Performance of multiple divergences for training the warm-start model are compared, and reverse KL is ultimately chosen. Further experiments are done on CelebA, CIFAR10, and SVHN to show quality of generative model bootstrapped with inference model and preconditioner vs VAE
优点
I'm generally fine with this, SGLD has been used a lot for training Bayesian neural networks, so most of the literature is centered around how to overcome that particular problem (no dataset). This feels like a hole in the literature that is getting plugged, which is good.
- ULD for training generative models
- Approximate inference warm start network
- Interesting Adam-based preconditioning, figure 3 makes sense if preconditioner is working.
- Models converge faster on high-dim experiments
缺点
I think the method is fine enough.
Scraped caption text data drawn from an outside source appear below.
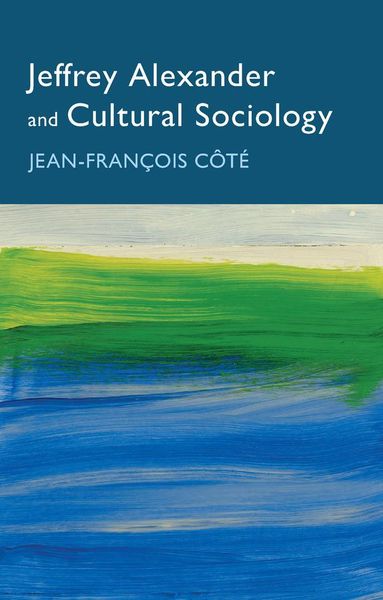 Produktbild: Jeffrey Alexander and Cultural Sociology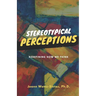 Stereotypical Perceptions: Redefining How We Think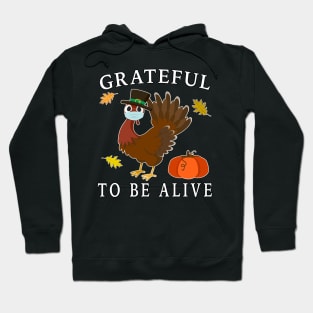 Grateful to be Alive, Pilgrim Turkey Mask Pumpkin. Hoodie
What's really bothering me is the high-dim experiments and their scores -- what are/were the limitations here?
- Comparing only against the VAE seems like its just not enough, especially when the results compared to the VAE is not especially convincing.
- Preconditioner does not always help, and when it does its not by that much. Unclear why and when it is supposed to help empirically.
All things considered, I'm not very convinced that the method is beneficial given the performance on the chosen datasets. For such numbers I would have expected more exploration or discussion of the results, and what the possible benefits could be.
问题
- What are the computational limitations of this method?
- What makes SVHN so difficult for this method?
- I don't have any intuition for why FDD scores should be better/worse in this context. LPIPS is the usual score for perceptual quality.
伦理问题详情
N/A
This paper introduces a novel sampling algorithm inspired by the predictive coding framework from neuroscience. Where with noise an overdamped Langevin sampler is obtained which can be used to compute the gradient of the ELBO for a model. This allows it to be used with a training regime for a deep generative model, obtaining results competitive with VAE-based algorithms.
优点
The paper shows that the ideas in the predictive coding framework have quite practical applications and consequences in machine learning. The method is explained very clearly and the experiments are well-chosen to show that it is indeed competitive with VAEs on realistic datasets.
缺点
That the predictive coding framework when noise is added can be treated as overdamped Langevin sampling is a novel and interesting result. What is less clear is if it's significant enough as the result seems to be algorithm that's only competitive with well-established VAE algorithms.
While the method is clear, quite a bit of the paper is spent on background material. Much of which is not even used in the rest of the paper. For example, lots of space is spent on discussing all the different divergences that could be used for optimising the inference network. But in the end, reverse KL is used since it works best. This is consistent with what is used for VAE already and it feels that space could have been used on the more novel aspects of this work.
I would have really liked a bit more motivation for why someone who prefers to use VAEs for training deep generative models should use this algorithm instead.
问题
Why should someone use Langevin PC over a more conventional VAE? Could this preconditioner be applied to a VAE regime?